__Work item__. Exactly the lines from the one containing "DNAJC15 Antibody in" through the end of the data, and nothing more, should be retyped; pictures stay out.

__Given material__.
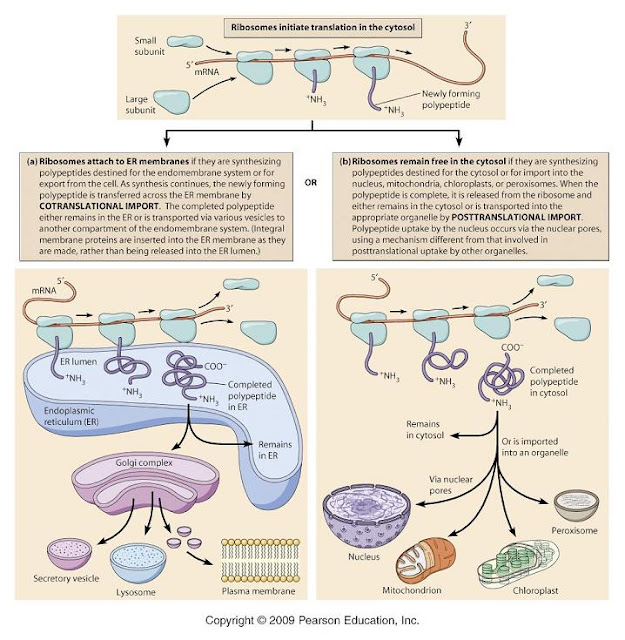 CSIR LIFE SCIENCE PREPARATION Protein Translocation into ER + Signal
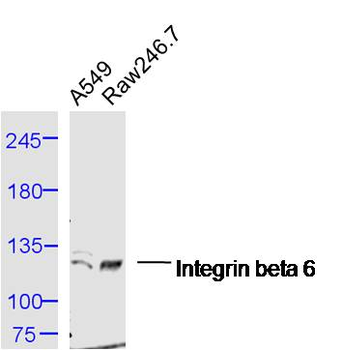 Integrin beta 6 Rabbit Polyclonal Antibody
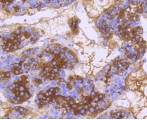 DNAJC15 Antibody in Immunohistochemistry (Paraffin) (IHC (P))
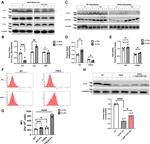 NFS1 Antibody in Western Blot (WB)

__Written reply__.
 DNAJC15 Antibody in Immunohistochemistry (Paraffin) (IHC (P))
 NFS1 Antibody in Western Blot (WB)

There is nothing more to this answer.